When to Use / When Not

ScenarioUseAvoid
Mixed-complexity workload — simple FAQs alongside complex analysis in the same system
API cost is material to unit economics or product margins
Tasks are uniformly complex and all require the same model capability
Task complexity can be classified reliably before the request is sent
Task classification is unreliable or edge cases are frequent and hard to catch
Quality degradation at high volume is a real risk and you lack monitoring across all tiers

Common Misconception

Myth: Model tiering means accepting lower quality to save money.

Reality: Quality only drops if tasks are misrouted. For the large share of requests that are genuinely simple — short-form classification, FAQ answers, template-based generation — smaller models perform as well as large ones on those specific tasks. Tiering does not lower quality; it stops you from paying for capability you are not using. The quality risk sits in the classification layer, not in the tiers themselves.

One Sentence to Remember

Route simple work to cheap models and reserve your powerful models for tasks that actually need them — model tiering makes LLM API costs proportional to the complexity of the work being done, not to the most demanding task in your system.

FAQ

Q: What is the difference between model tiering and model routing? A: Model tiering defines the structure — which models form which tiers and what task types belong to each. Model routing is the mechanism that executes those decisions. Tiering is the strategy; routing is the implementation that puts it in motion.

Q: How do I decide which tasks belong to which tier? A: Run a sample of your actual requests through both a small and a large model, then compare outputs against your specific quality bar.
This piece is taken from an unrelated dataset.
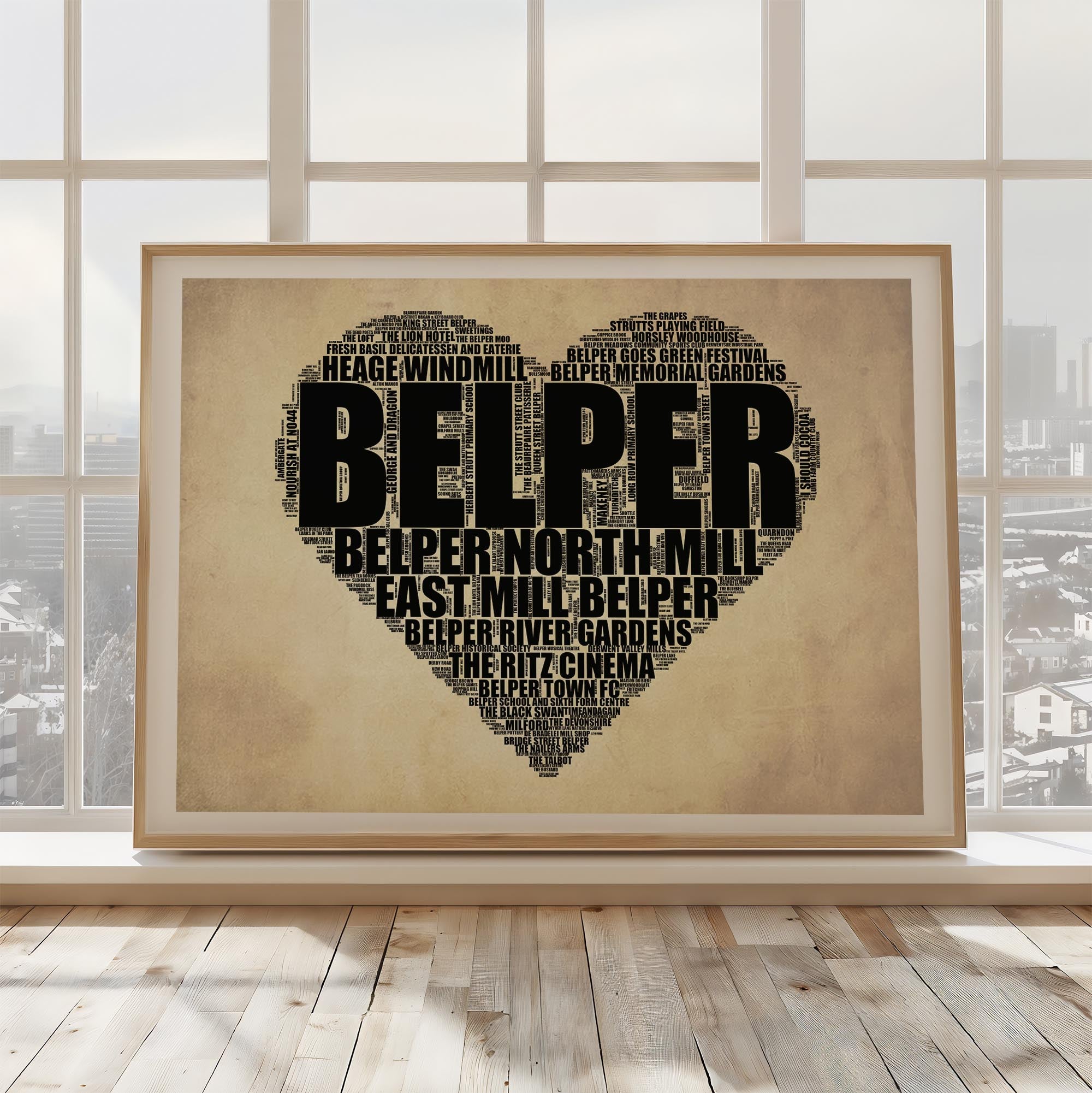 Belper - Premium Typographic Word Cloud Prints, Posters & Gifts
Where the cheaper model meets your standard, assign that tier. Start with your highest-volume, lowest-complexity task type — that is where the largest cost reduction typically lives.

Q: Does model tiering require switching AI providers? A: No. You can tier within a single provider’s model family, or mix providers using a routing proxy like LiteLLM. The provider question is separate from the tiering decision — define your tier structure first, then map tiers to the available models that fit each level.

Expert Takes

From a systems standpoint, model tiering treats token generation as a resource allocation problem. Different tasks have different information-processing requirements. A classification task draws on a narrow slice of the model’s learned representations; a multi-step reasoning task activates broader, more costly computational paths. Sizing the model to the task is not a cost workaround — it is matching the computational substrate to the actual complexity of the output being requested.
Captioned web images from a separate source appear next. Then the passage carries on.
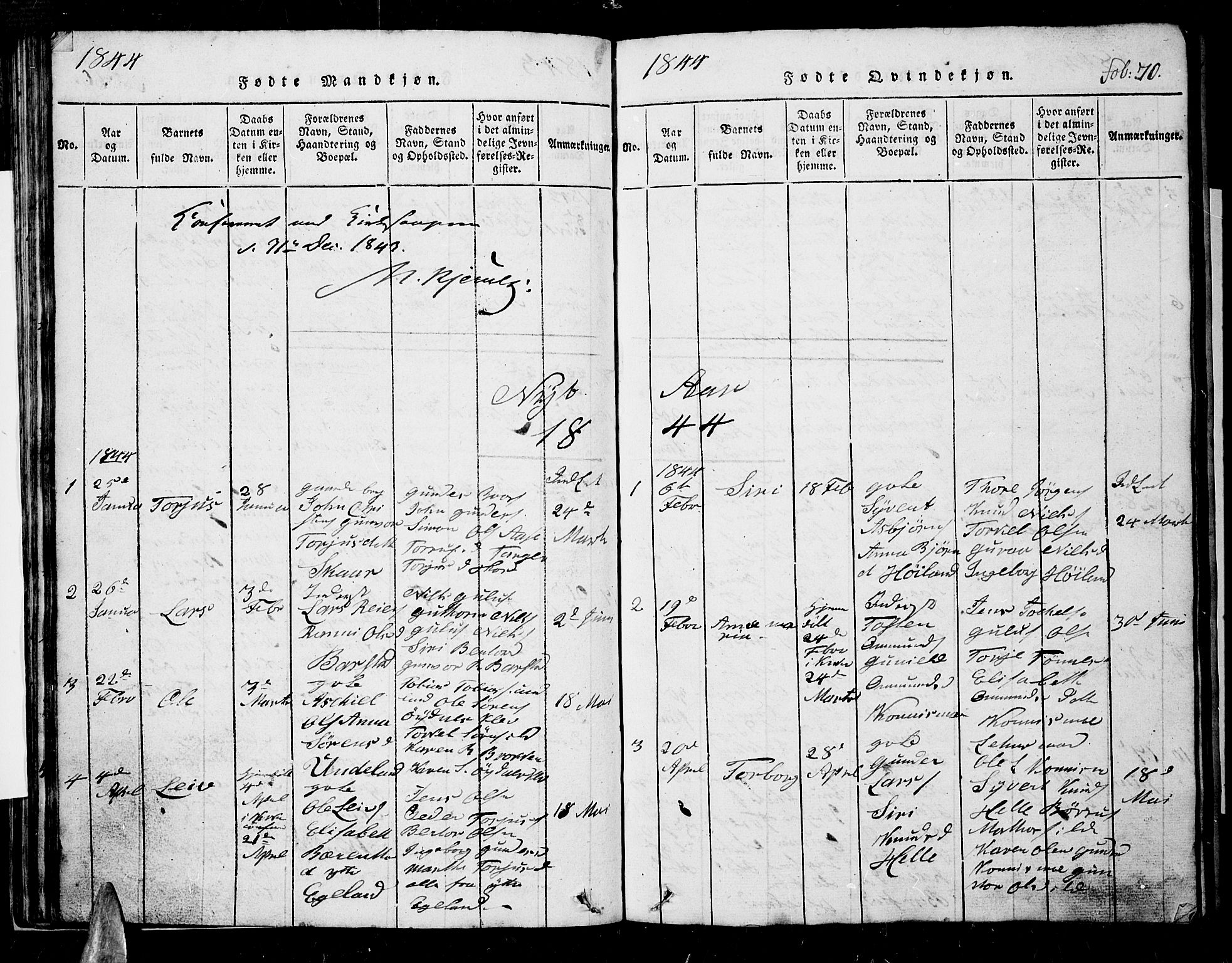 Nord-Audnedal sokneprestkontor, SAK/1111-0032/F/Fb/Fba/L0001: Klokkerbok nr. B 1, 1815-1856, s. 70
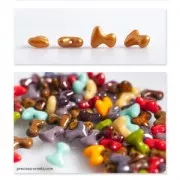 Preciosa Tee Glass Beads 2x8mm Olive Green Gold Shine x50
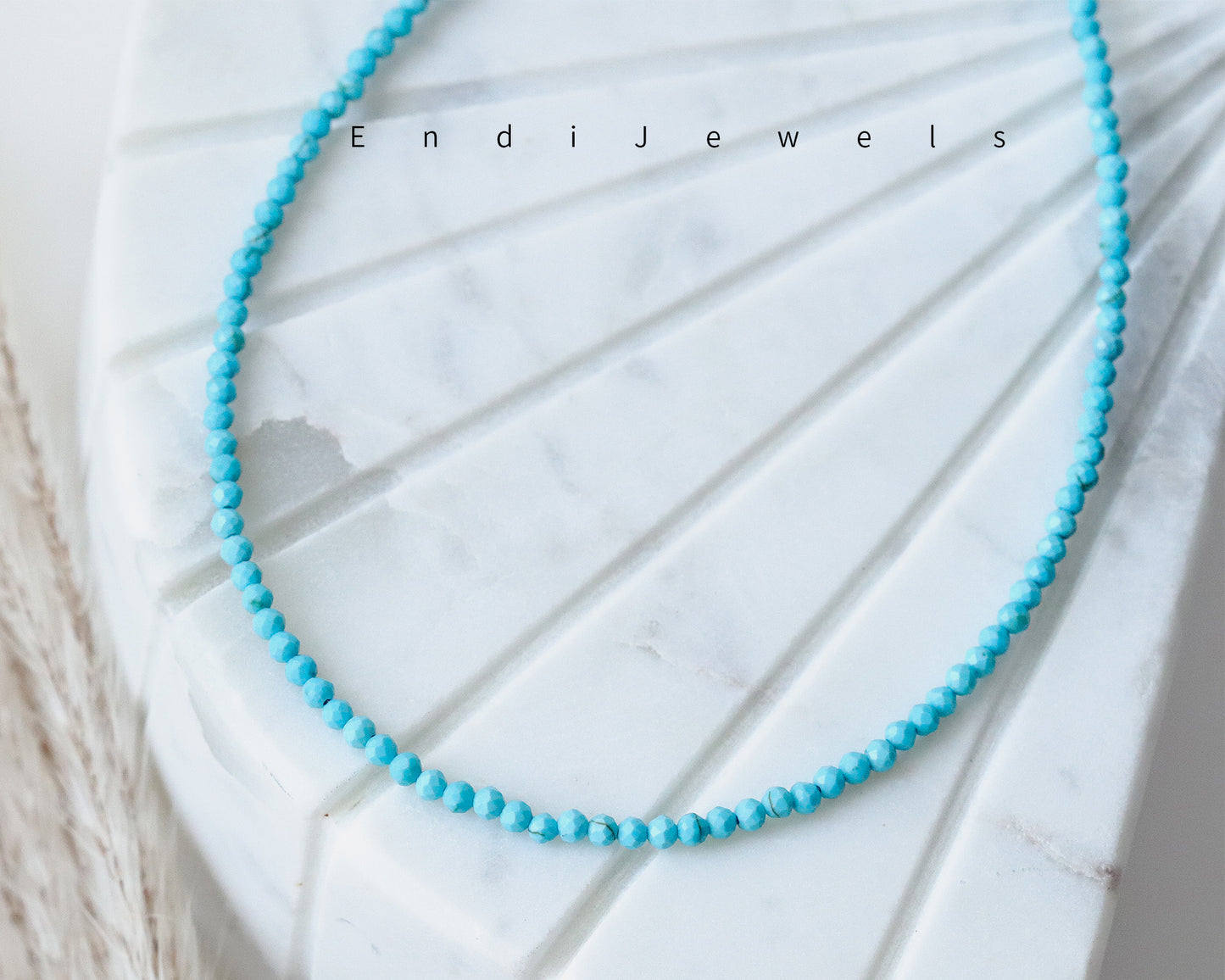 Blue Turquoise 3mm Faceted Beaded Choker, Bracelet, Natural Gemstones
In a well-designed LLM integration, model tiering is a configuration decision, not an architecture decision. Tier thresholds live in your routing config, not scattered across application logic. The critical spec is task classification: inputs must be categorized reliably before they reach the router. If your classifier has edge cases, those edge cases become quality bugs at scale. Get the classification layer right first. Once that is solid, the routing itself is straightforward to implement and easy to adjust.

The teams spending the most on LLM APIs are running everything through their largest model because that was the path of least resistance in the prototype phase. Model tiering is the operational shift that separates prototype economics from production economics. When API costs start appearing on your P&L, tiering is not optional — it is the first lever that delivers meaningful reduction without touching your product’s output quality.

Model tiering optimizes for cost, but the tiers themselves embed assumptions about what counts as simple work. A request routed to a smaller model because it looks like classification might actually require nuanced judgment that the smaller model lacks. The savings are real. The risk is that degraded outputs at high volume can affect decisions that touch real people — and that degradation is invisible without deliberate quality monitoring across all tiers, not just the expensive one.